Because the relationships a child is born to are very various, the knowledge we offer him must be various too. A lady teaching in Cape Colony writes,—“The papers incorporated in the pamphlet A Liberal Education: Practice (by A. C. Drury) testify to—to me—an almost incredible standard of proficiency. The mistakes are just the kind of mistakes that children should make and no more of them than just enough to keep them from being priggish. There are none of those howlers of fact or expression that make one view one’s efforts with a feeling of utter despondency.”
The knowledge of children so taught is consecutive, intelligent and complete as far as it goes, in however many directions. For it is a mistake to suppose that the greater the number of ‘subjects’ the greater the scholar’s labour; the contrary is the case as the variety in itself affords refreshment, and the child who has written thirty or forty sheets during an examination week comes out unfagged. Not the number of subjects but the hours of work bring fatigue to the scholar; and bearing this in mind we have short hours and no evening preparation.
Section I
THE KNOWLEDGE OF GOD
Of the three sorts of knowledge proper to a child,—the knowledge of God, of man, and of the universe,—the knowledge of God ranks first in importance, is indispensable, and most happy-making. Mothers are on the whole more successful in communicating this knowledge than are teachers who know the children less well and have a narrower, poorer standard of measurement for their minds. Parents do not talk down to children, but we might gather from educational publications that the art of education as regards young children is to bring conceptions down to their ‘little’ minds. If we give up this foolish prejudice in favour of the grown-up we shall be astonished at the range and depth of children’s minds; and shall perceive that their relation to God is one of those ‘first-born affinities’ which it is our part to help them to make good. A mother knows how to speak of God as she would of an absent father with all the evidences of his care and love about her and his children. She knows how to make a child’s heart beat high in joy and thankfulness as she thrills him with the thought, ‘my Father made them all,’ while his eye delights in flowery meadow, great tree, flowing river. “His are the mountains and the valleys his and the resplendent rivers, whose eyes they fill with tears of holy joy,” and this is not beyond children. We recollect how ‘Arthur Pendennis’ walked in the evening light with his mother and recited great passages from Milton and the eyes of the two were filled ‘with tears of holy joy,’ when the boy was eight. The teacher of a class has not the same tender opportunities but if he take pains to get a just measure of children’s minds it is surprising how much may be done.

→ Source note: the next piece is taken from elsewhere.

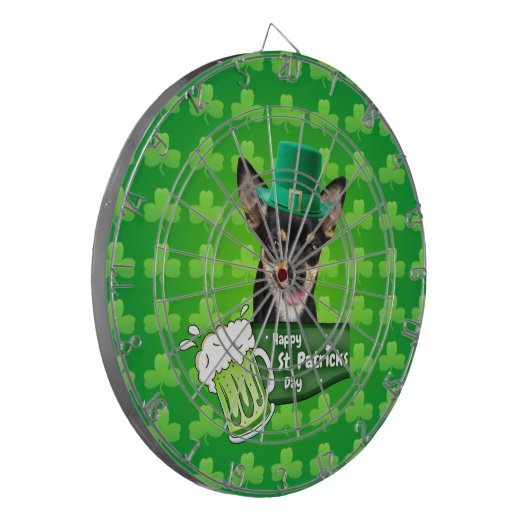 Chihuahua Welpe Dog St. Patrick's Day Green Clover Dartscheibe (Vorderseite Links)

The supercilious point of view adopted by some teachers is the cause of the small achievements of their scholars. The ‘kiddies’ in a big girls’ school are not expected to understand and know and they live down to the expectations formed of them. We (of the P.N.E.U.) begin the definite ‘school’ education of children when they are six; they are no doubt capable of beginning a year or two earlier but the fact is that nature and circumstances have provided such a wide field of education for young children that it seems better to abstain from requiring direct intellectual efforts until they have arrived at that age.